Four different temperature scales Fahrenheit- water freezes at 32° F and boils at 212° F. Celsius – water freezes at 0° C and boils at 100° C. Kelvin – this scale begins at absolute zero and each Kelvin is the same as 1° C. Rankine – this scale begins at absolute zero and each Rankine is the same as 1° F.

The change in temperature of a substance can only be achieved by adding or removing energy.

Temperature is proportional to the kinetic energy of atoms and molecules.

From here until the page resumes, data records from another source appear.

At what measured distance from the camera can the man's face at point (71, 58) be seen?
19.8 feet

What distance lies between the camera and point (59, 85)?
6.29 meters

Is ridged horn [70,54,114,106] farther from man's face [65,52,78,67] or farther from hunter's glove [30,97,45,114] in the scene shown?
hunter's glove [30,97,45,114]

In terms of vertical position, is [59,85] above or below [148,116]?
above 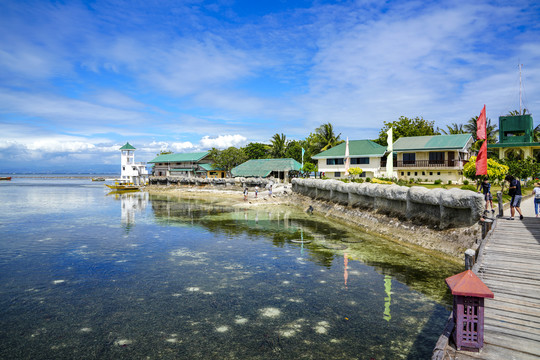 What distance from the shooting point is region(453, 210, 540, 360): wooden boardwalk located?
590cm

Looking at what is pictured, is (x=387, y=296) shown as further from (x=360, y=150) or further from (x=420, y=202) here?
(x=360, y=150)

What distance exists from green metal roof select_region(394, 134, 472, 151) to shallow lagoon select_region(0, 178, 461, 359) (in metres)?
27.0

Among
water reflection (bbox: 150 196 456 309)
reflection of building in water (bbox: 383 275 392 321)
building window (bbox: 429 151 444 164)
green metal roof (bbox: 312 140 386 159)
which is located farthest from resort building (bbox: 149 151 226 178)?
reflection of building in water (bbox: 383 275 392 321)

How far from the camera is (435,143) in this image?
43.3m

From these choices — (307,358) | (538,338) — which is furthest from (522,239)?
(307,358)

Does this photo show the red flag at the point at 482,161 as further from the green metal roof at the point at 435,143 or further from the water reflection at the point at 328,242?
the green metal roof at the point at 435,143

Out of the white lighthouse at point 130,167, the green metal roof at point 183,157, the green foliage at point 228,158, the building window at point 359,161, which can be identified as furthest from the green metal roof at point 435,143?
the white lighthouse at point 130,167

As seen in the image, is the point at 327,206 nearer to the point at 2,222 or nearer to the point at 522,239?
the point at 522,239

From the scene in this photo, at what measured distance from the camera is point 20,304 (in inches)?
437

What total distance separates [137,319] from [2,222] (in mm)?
27879

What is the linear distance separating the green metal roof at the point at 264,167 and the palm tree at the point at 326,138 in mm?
5729

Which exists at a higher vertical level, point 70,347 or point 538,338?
point 538,338

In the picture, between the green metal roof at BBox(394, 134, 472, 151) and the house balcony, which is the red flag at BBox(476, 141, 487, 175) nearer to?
the green metal roof at BBox(394, 134, 472, 151)

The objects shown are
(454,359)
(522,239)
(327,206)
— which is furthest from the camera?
(327,206) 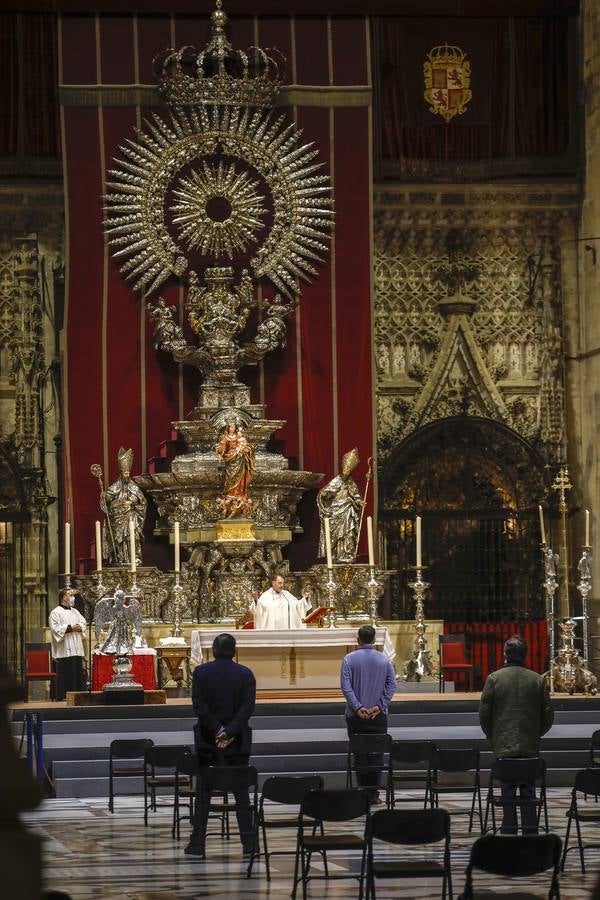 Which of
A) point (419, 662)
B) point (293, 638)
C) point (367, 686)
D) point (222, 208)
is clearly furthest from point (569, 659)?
point (222, 208)

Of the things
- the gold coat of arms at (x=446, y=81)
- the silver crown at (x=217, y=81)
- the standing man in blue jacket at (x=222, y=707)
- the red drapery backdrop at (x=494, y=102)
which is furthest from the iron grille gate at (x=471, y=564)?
the standing man in blue jacket at (x=222, y=707)

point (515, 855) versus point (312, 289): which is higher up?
point (312, 289)

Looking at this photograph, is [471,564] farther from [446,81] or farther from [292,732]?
[292,732]

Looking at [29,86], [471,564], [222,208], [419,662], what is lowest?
[419,662]

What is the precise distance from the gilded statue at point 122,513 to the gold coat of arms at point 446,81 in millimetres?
7190

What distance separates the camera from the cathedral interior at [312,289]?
863 inches

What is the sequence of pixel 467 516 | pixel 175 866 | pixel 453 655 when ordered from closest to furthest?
pixel 175 866 < pixel 453 655 < pixel 467 516

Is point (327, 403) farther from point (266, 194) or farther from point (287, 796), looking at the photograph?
point (287, 796)

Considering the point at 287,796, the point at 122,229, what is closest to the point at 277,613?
the point at 122,229

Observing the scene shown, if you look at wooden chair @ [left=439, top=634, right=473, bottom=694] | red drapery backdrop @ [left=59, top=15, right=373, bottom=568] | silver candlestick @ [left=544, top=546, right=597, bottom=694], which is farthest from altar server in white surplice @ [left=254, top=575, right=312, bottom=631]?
red drapery backdrop @ [left=59, top=15, right=373, bottom=568]

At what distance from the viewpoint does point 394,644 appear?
816 inches

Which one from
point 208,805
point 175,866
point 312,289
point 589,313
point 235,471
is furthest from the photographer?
point 589,313

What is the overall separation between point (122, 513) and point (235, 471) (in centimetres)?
172

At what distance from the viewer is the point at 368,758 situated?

The energies associated with atomic motion are referred to as internal energy, which is proportional to the substance’s temperature(assuming no phase change)

For an ideal gas, the internal energy depends only on the temperature of the gas. For nonideal gases, as well as for liquids and solids, other properties contribute to the internal energy.

The symbol U stands for internal energy, and ΔU stands for a change in internal energy.

internal energy the energy of a substance due to both the random motions of its particles and to the potential energy that results from the distances and alignments between the particles

Temperature is meaningful only when it is stable.

thermal equilibrium the state in which two bodies in physical contact with each other have identical temperatures

As a thermometer comes into thermal equilibrium with an object, the object’s temperature changes slightly. In most cases the object is so massive compared with the thermometer that the object’s temperature change is insignificant.

Matter expands as its temperature increases.

Increasing the temperature of a gas at constant pressure causes the volume of the gas to increase. This increase occurs not only for gases, but also for liquids and solids. In general, if the temperature of a substance increases, so does its volume. This phenomenon is known as thermal expansion.

If two cups of hot chocolate, one at 50°C and the other at 60°C, are poured together in a large container, will the final temperature of the double batch be less than 50°C? between 50°C and 60°C? greater than 60°C?

A cup of hot tea is poured from a teapot, and a swimming pool is filled with cold water. Which one has a higher total internal energy? Which has a higher average kinetic energy?

Different substances undergo different amounts of expansion for a given temperature change. The thermal expansion characteristics of a material are indicated by a quantity called the coefficient of volume expansion. Gases have the largest values for this coefficient. Liquids have much smaller values.

In general, the volume of a liquid tends to decrease with decreasing temperature. However, the volume of water increases with decreasing temperature in the range between 0°C and 4°C. Also, as the water freezes, it forms a crystal that has more empty space between the molecules than does liquid water. This explains why ice floats in liquid water. It also explains why a pond freezes from the top down instead of from the bottom up. If this did not happen, fish would likely not survive in freezing temperatures.

Solids typically have the smallest coefficient of volume expansion values. For this reason, liquids in solid containers expand more than the container. This property allows some liquids to be used to measure changes in temperature.

Calibrating thermometers requires fixed temperatures.

Temperature units depend on the scale used.

Temperature values in the Celsius and Fahrenheit scales can have positive, negative, or zero values.

But because the kinetic energy of the atoms in a substance must be positive, the absolute temperature that is proportional to that energy should be positive also.

Because the kinetic energy of the atoms in a substance must be positive, the absolute temperature that is proportional to that energy should be positive also. This temperature is designated in the Kelvin scale as 0.00 K, where K is the symbol for the temperature unit called the kelvin. Temperatures in this scale are indicated by the symbol T.

A temperature difference of one degree is the same on the Celsius and Kelvin scales. The two scales differ only in the choice of zero point

The Rankine scale is the absolute temperature scale that corresponds with the Fahrenheit scale.

What are the equivalent Celsius and Kelvin temperatures of 50.0°F?